Kadir Syed Abdul

Personal information
- Nationality: Singapore
- Born: 16 February 1948 (age 78) Singapore

Boxing career

= Syed Abdul Kadir =

Singaporean boxer

Kadir Syed Abdul, born 16 February 1948, was the first Singaporean to win a medal for boxing in the Commonwealth Games, where he was awarded the bronze medal. He has also been a representative for Singapore in various regional meets.

==Boxing career==
Kadir started boxing at the age of 11 and participated in school boxing championships in the light featherweight class. At 18, he trained under a coach who was an ex-professional boxer. He started competitive boxing in the light flyweight division and started to win matches.

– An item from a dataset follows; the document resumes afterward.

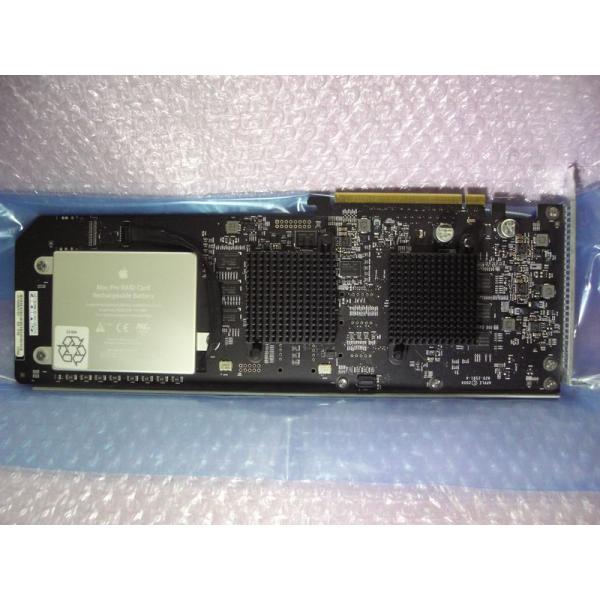 中古apple Mac Pro Raid カード Mb845j A Buyee Buyee Japanese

In 1968, with a new coach, Kadir won the Singapore Open title which he defended successfully till 1976, when he retired from boxing. In 1969, he won the National Championship and went on to represent Singapore in the South East Asian Peninsular Games in Bangkok, which he won a bronze medal. In 1970, Kadir represented Singapore in the Asian Games in Bangkok, in which he lost in the first round. In the 1971 SEAP Games, he won the boxing gold medal in the light flyweight category after defeating defending SEAP champion Vanla Dawla. For this, the Singapore National Olympic Council (SNOC) awarded him a merit award.

In 1972, Kadir represented Singapore at the 1972 Olympic Games in Munich but failed to obtain any medal due to an injury, a cut sustained on the eyebrow. In 1973, he won the silver medal at the SEAP Games.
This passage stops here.